In Chapter 5, Lanham writes (talks) about voice (in writing). He is amplifying what he has been saying all along in Analyzing Prose. Different voices come through different styles. Prose is shaped by style. Voice is shaped by style. Point of view and meaning are shaped by style. Understanding how a piece is written is essential to fully understand what that piece is trying to get across.
This follows from what Lanham has been saying from the beginning of the introduction. Writing is much more like speaking than the stilted language of textbooks. Writers have individual personalities, and they come out of their prose in different ways. They use style to accomplish this feat of telepathic time travel, beaming from their time and mind to ours, becoming distinct -- through style.

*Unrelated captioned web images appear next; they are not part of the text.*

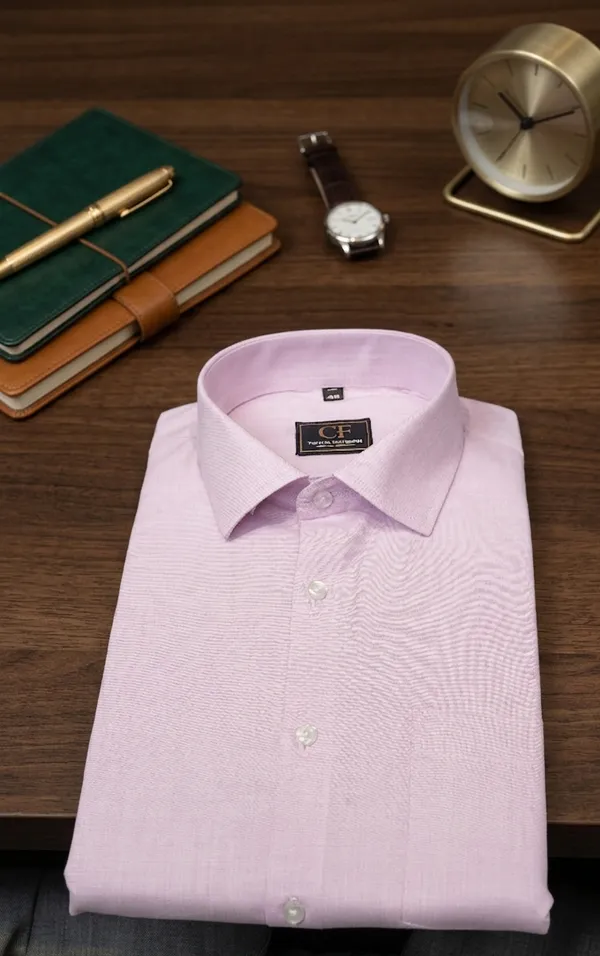07_Cf_Solid_Bubblegum_Slim_Fit_Shirt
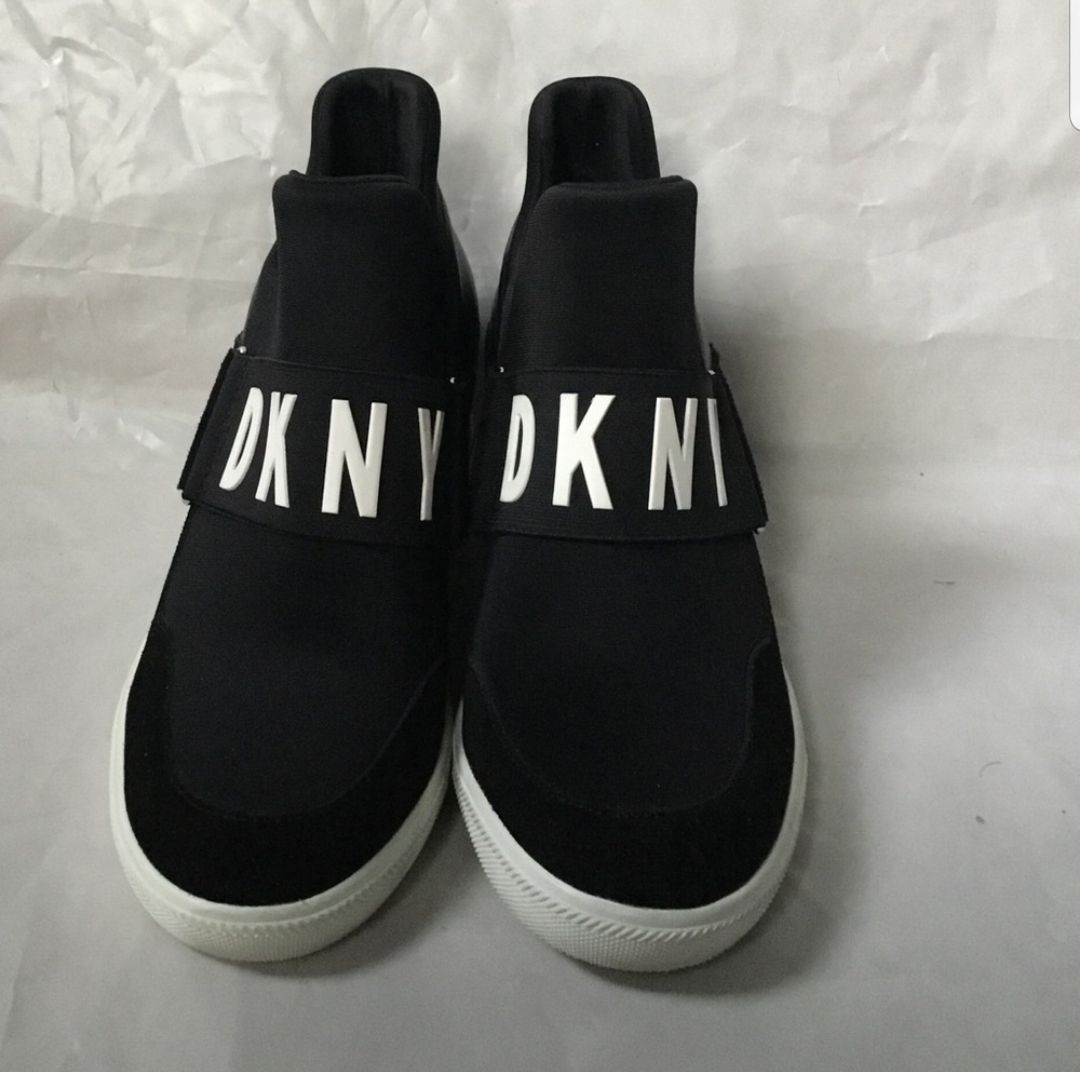 DKNY Wedge Fashion Sneakers | Mercari DKNY Wedge Fashion Sneakers | Mercari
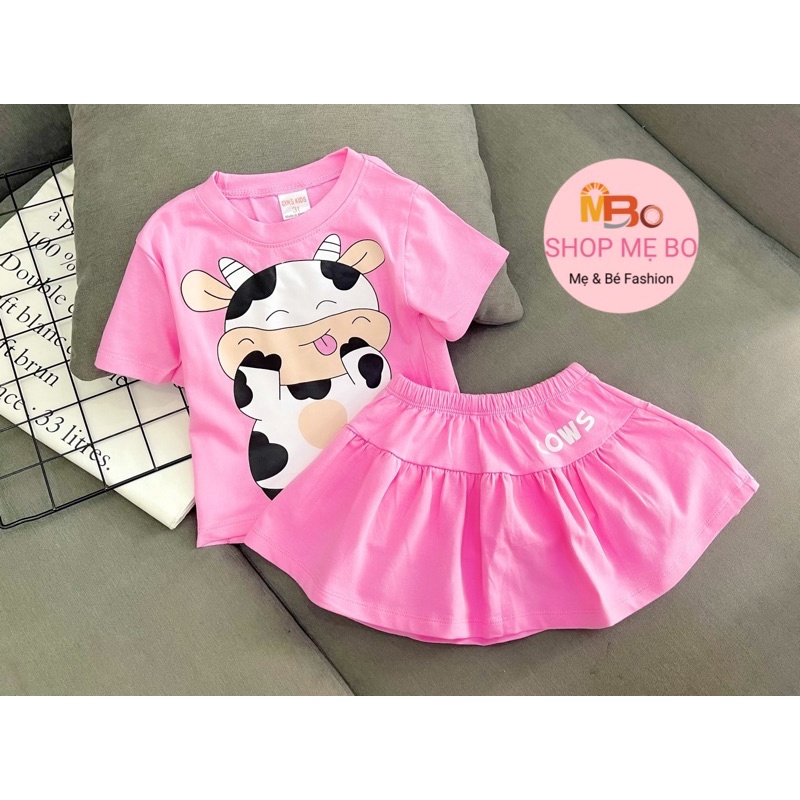 Quần áo trẻ em - Bộ Váy bé gái, đồ bộ bé gái size đại nhí từ 10 đến 40kg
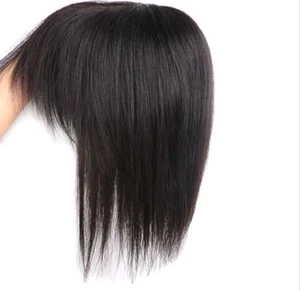 Peluca superior 100 % real Remy para mujeres hombres y mujeres - Imagen 1 de 4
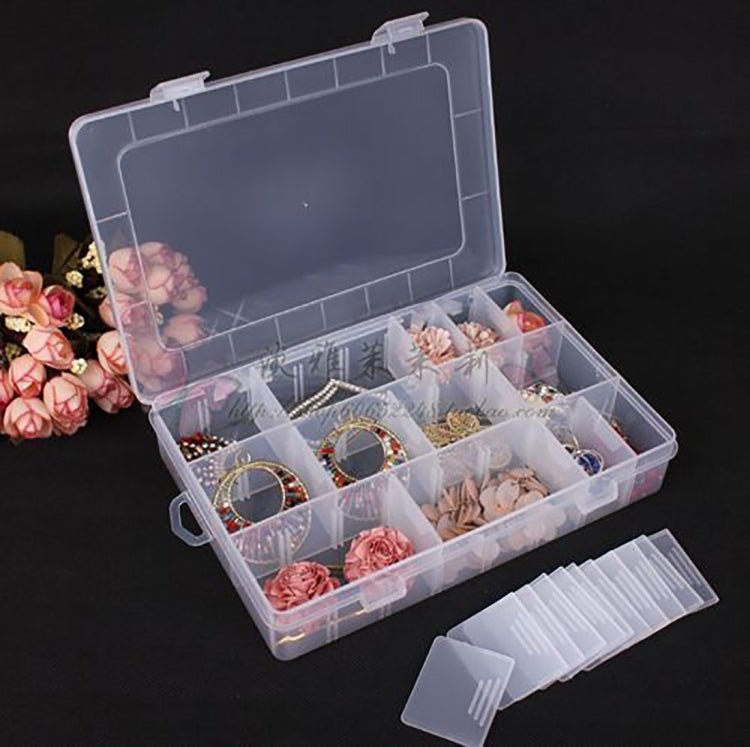 HENGJIA qt022 Twenty Four Grid Waterproof Multifunction Fishing Tool Gear Storage Transparent Fishing Tackle Box by HENGJIA
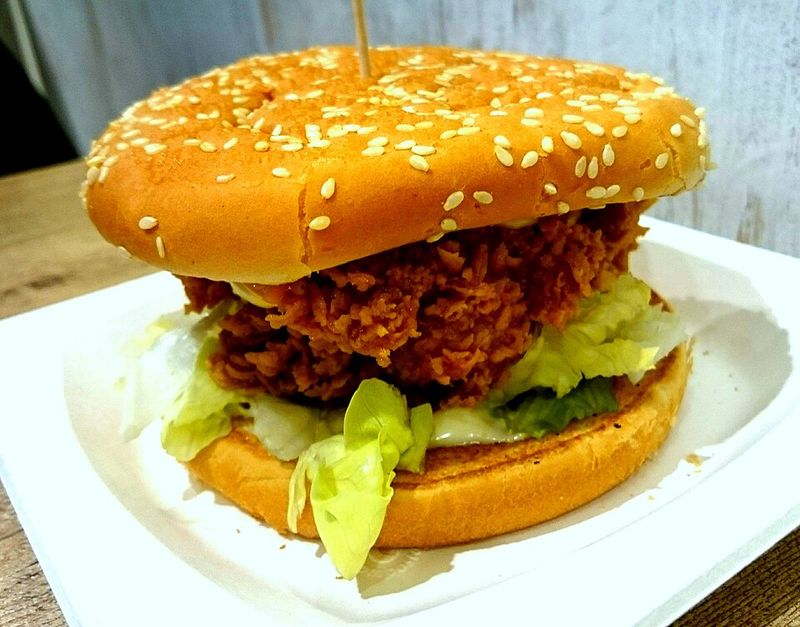 Fried Chicken Sandwich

Prose is one of the most flexible forms of communication we have. The same things that define our speech -- vocabulary, cadence, diction, rhythm -- appear in our writing, with similar effect. The subtle difference is that you can get away with things in speech that become glaringly obvious in writing, and so writing has to be more careful. More choosy about what tactics it employs, and when. Repetition is more jarring when repeated on the page, and alliteration more alarming. At the same time, reading aloud a piece of writing is a way of teasing out the writer's unique style in any given piece.
When Lanham writes about parataxis and hypotaxis, running and periodic styles, saccades, suspension, parallelism, anaphora, and isocolons, he is explaining the tools, or elements (if you will) of style. Strunk & White were unnecessarily prescriptive, but they popularized a great phrase.